What she made worked. And then other people wanted it.
Only later, looking back, did it crystallize: making cosmetics had always been the dream. It had been there the whole time, half-hidden beneath the accounting textbooks and the yarn and the camera lenses — a thread she'd been following without knowing its name. What she hadn't known, what nobody had told her, was that you didn't need a factory or a lab or a storefront. You could build it at home. You could build it around your children, around your faith, around the ingredients your grandmother's generation already knew were powerful.
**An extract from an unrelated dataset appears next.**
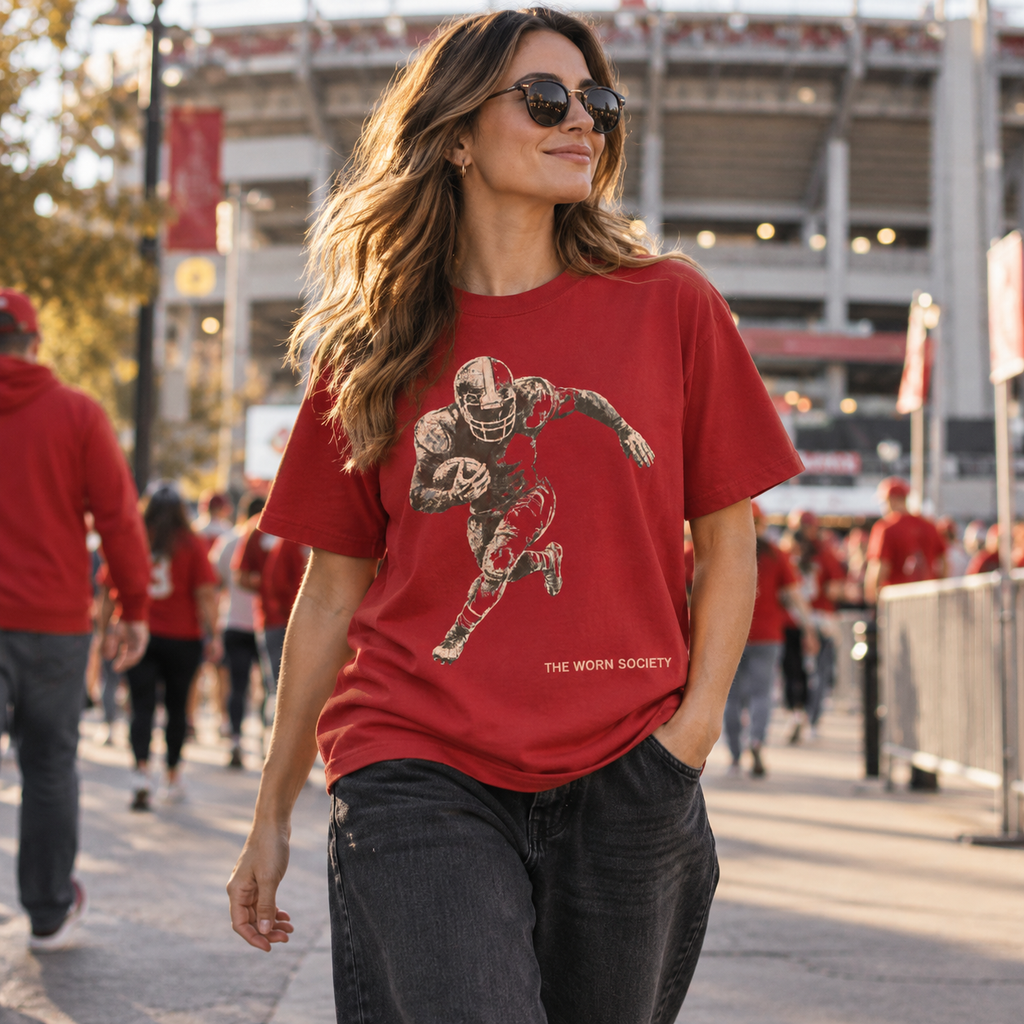Game Day — Vintage American Football Graphic Tee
IUMI was born not from a business plan but from a mother's frustration and a culture's inherited wisdom. The name carries meaning; the brand carries values. Everything Iin makes is halal, eco-conscious, rooted in local raw materials, and honest in a way she considers an extension of her faith. No false promises, she tells anyone who will listen. No chasing trends. Only solutions. The products are designed for skin aged 10 to 65, because sensitivity doesn't check your birth certificate.
IUMI has since won awards, been recognized in national competitions, and earned a reputation that has pulled Iin into classrooms and community halls — teaching housewives, mentoring students, running workshops. The brand's CSR work reaches into pesantren, supports local farmers who grow the ingredients she uses, and tries to leave something good behind.
She is an entrepreneur, a photographer, a pattern-maker, a formulator, a mentor, and a mother. She has lived on four continents and unpacked her suitcase in more cities than most people visit in a lifetime. She is Irtati Wibisono — Iin to almost everyone — and she is proof that a life doesn't have to follow a straight line to arrive somewhere meaningful.
She started by listening to her son. She ended up hearing something she'd been trying to say all along.